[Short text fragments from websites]

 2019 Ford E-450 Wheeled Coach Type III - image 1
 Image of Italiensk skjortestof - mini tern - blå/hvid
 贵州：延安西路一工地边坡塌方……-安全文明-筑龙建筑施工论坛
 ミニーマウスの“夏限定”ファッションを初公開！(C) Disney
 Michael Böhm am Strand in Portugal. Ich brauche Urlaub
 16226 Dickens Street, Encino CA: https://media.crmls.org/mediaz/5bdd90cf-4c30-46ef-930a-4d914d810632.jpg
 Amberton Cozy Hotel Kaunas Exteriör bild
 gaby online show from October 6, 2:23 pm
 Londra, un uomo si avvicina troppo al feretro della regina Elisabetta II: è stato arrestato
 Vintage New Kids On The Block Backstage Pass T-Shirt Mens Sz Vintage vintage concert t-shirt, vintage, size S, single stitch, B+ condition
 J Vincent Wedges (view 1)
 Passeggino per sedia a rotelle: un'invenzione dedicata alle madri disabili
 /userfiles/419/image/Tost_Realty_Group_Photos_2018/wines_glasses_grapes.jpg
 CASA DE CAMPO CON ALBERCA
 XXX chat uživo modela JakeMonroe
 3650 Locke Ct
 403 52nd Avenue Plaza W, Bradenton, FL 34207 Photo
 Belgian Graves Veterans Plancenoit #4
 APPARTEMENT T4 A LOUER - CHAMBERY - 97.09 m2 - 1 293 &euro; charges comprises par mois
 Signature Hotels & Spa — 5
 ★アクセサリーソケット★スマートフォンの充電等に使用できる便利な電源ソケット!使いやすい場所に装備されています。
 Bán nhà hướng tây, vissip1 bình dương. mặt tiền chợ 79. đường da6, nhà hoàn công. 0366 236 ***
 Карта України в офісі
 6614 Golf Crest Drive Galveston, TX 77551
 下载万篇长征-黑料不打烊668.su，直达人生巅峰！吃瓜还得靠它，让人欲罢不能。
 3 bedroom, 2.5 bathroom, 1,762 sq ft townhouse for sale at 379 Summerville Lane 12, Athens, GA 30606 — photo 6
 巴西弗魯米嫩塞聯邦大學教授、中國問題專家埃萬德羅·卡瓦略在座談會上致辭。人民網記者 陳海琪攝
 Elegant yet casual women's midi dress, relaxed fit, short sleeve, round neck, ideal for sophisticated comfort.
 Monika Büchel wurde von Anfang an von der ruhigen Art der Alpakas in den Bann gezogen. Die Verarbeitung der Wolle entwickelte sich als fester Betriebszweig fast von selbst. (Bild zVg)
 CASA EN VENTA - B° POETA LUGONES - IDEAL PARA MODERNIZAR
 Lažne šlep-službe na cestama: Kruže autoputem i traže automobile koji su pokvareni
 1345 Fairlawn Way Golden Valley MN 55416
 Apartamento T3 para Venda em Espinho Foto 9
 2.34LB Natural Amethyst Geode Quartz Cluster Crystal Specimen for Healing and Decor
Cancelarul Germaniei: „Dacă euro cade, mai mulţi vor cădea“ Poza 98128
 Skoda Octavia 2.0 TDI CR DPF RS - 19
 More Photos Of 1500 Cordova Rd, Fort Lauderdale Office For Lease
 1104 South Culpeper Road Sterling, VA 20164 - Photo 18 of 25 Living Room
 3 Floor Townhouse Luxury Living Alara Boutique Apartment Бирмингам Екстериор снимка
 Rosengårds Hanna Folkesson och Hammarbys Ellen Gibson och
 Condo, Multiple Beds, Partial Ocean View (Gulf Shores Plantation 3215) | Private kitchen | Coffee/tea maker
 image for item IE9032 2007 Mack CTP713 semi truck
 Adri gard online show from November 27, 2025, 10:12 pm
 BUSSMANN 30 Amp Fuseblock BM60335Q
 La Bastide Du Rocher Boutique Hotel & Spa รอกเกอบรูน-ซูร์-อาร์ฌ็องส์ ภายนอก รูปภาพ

**WORK TASK**. The required output is the stretch of entries above from the line containing "下载万篇长征-黑料不打烊66" through the line containing "BUSSMANN 30 Amp Fuseblock BM60335Q", reproduced exactly.

**ANSWER SPACE**.
 下载万篇长征-黑料不打烊668.su，直达人生巅峰！吃瓜还得靠它，让人欲罢不能。
 3 bedroom, 2.5 bathroom, 1,762 sq ft townhouse for sale at 379 Summerville Lane 12, Athens, GA 30606 — photo 6
 巴西弗魯米嫩塞聯邦大學教授、中國問題專家埃萬德羅·卡瓦略在座談會上致辭。人民網記者 陳海琪攝
 Elegant yet casual women's midi dress, relaxed fit, short sleeve, round neck, ideal for sophisticated comfort.
 Monika Büchel wurde von Anfang an von der ruhigen Art der Alpakas in den Bann gezogen. Die Verarbeitung der Wolle entwickelte sich als fester Betriebszweig fast von selbst. (Bild zVg)
 CASA EN VENTA - B° POETA LUGONES - IDEAL PARA MODERNIZAR
 Lažne šlep-službe na cestama: Kruže autoputem i traže automobile koji su pokvareni
 1345 Fairlawn Way Golden Valley MN 55416
 Apartamento T3 para Venda em Espinho Foto 9
 2.34LB Natural Amethyst Geode Quartz Cluster Crystal Specimen for Healing and Decor
Cancelarul Germaniei: „Dacă euro cade, mai mulţi vor cădea“ Poza 98128
 Skoda Octavia 2.0 TDI CR DPF RS - 19
 More Photos Of 1500 Cordova Rd, Fort Lauderdale Office For Lease
 1104 South Culpeper Road Sterling, VA 20164 - Photo 18 of 25 Living Room
 3 Floor Townhouse Luxury Living Alara Boutique Apartment Бирмингам Екстериор снимка
 Rosengårds Hanna Folkesson och Hammarbys Ellen Gibson och
 Condo, Multiple Beds, Partial Ocean View (Gulf Shores Plantation 3215) | Private kitchen | Coffee/tea maker
 image for item IE9032 2007 Mack CTP713 semi truck
 Adri gard online show from November 27, 2025, 10:12 pm
 BUSSMANN 30 Amp Fuseblock BM60335Q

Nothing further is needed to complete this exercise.